Nonlinear Equations

There are many applications in which the goal is to find values for the variables that satisfy a set of given constraints without the need to optimize a particular objective function. When there are \(n\) variables and \(n\) equality constraints, the problem is one of solving a system of nonlinear equations. Mathematically, the problem is
\[f(x) = 0,\] where \(f : \cal{R}^n \rightarrow \cal{R}^n\) is a vector function,
\[f(x) = \left[ \begin{array}{c}
f_1(x) \\ f_2(x) \\ \vdots \\ f_n(x)
\end{array}
\right], \] where each \(f_i(x) : \cal{R}^n \rightarrow \cal{R}\), \(i=1, 2, \cdots, n\) is smooth. A vector \(x^*\) satisfying \(f(x)=0\) is called a solution or a root of the nonlinear equations. In general, a system of nonlinear equations will have no solution, a unique solution or many solutions.

Many algorithms for nonlinear equations are related to algorithms for unconstrained optimization and nonlinear least-squares.
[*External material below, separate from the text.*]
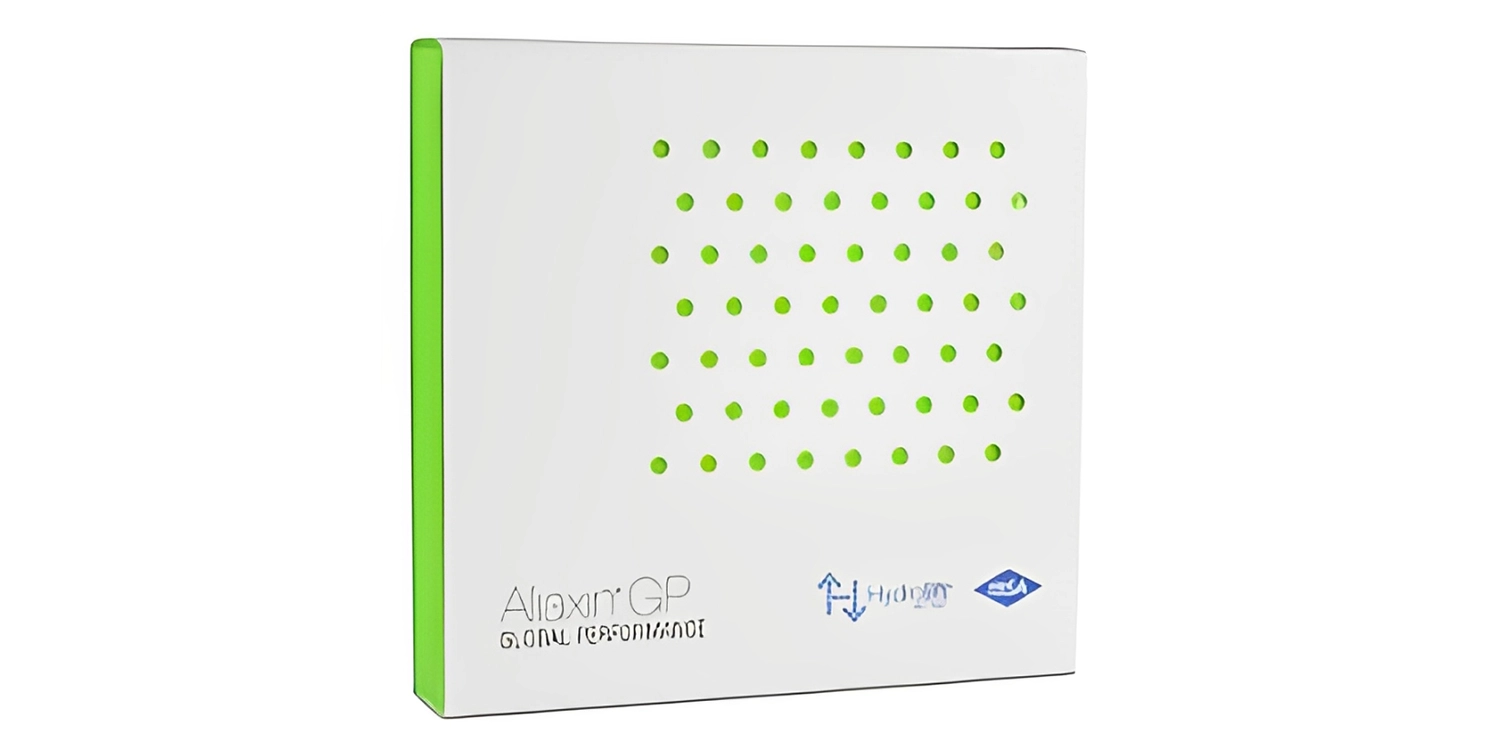 ژل آلیاکسین gp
There are close connections to the nonlinear least-squares problem since a number of algorithms for nonlinear equations proceed by minimizing the sum of squares of the equations:
\[\min_x \sum_{i=1}^n f_i^2(x).\]

Despite the similarities, there are important differences between algorithms for the two problems. In nonlinear equations, the number of equations is equal to the number of variables and all of the equations must be satisfied at a solution point.

Algorithms

Newton’s method forms the basis for many of the algorithms to solve systems of nonlinear equations. We give a brief overview of Newton’s method and outline some of the related algorithms. For more details, see the sources in the references, for example, Chapter 11 in Nocedal and Wright (1999).

Newton’s method for nonlinear equations uses a linear approximation of the function \(f\) around the current iterate. Given an initial point \(x_0\),
\[f(x) \approx f(x_0) + J(x_0)(x – x_0),\] where \(J(x_0)\) is the Jacobian matrix, the matrix of all first-order partial derivatives of the components of \(f\). To find the vector \(x\) that makes \(f(x) = 0\), we choose the next iterate \(x_1\) so that
\[f(x_0) + J(x_0)(x_1 – x_0) = 0.\] Let \(p_0 = x_1 – x_0\). To find \(p_0\), we solve the system of linear equations
\[J(x_0)\, p_0 = -f(x_0)\] and then set \(x_1 = x_0 + p_0\).

Newton’s Method for Nonlinear Equations

Given an iterate \(x_k\), Newton’s method computes \(f(x_k) \,\) and its Jacobian matrix and finds a step \(p_k\) by solving the system of linear equations
\[J(x_k) \, p_k = – f(x_k) \quad (1) \,\] Then, the new iterate is \(x_{k+1} = x_k + p_k\,\).

Most of the computational cost of Newton’s method is associated with two operations: evaluation — of both the function \(f\,\) and the Jacobian matrix — and solution of the linear system of equations (1). For the Jacobian, the computation of the \(i^{th}\) column requires the computation of the partial derivative of each equation of \(f\) with respect to \(x_i\). The solution of the linear system (1) requires order \(n^3 \,\) operations when the Jacobian is dense.

Newton’s method is guaranteed to converge if the starting point is sufficiently close to the solution and the Jacobian is nonsingular at the solution. Under these conditions, the rate of convergence is quadratic:
\[\| x_{k+1} – x^* \| \leq \beta \| x_k – x^* \|^2,\] for some positive constant \(\beta \,\). This rapid local convergence is the main advantage of Newton’s method. The disadvantages include the calculation of the Jacobian matrix and the potentially erratic behavior when the starting point is not close to a solution (no guaranteed global convergence). Modifications and enhancements to Newton’s method have been developed to deal with these two difficulties.

References
  • Nocedal, J. and Wright, S. J. 1999. Numerical Optimization. Springer-Verlag, New York.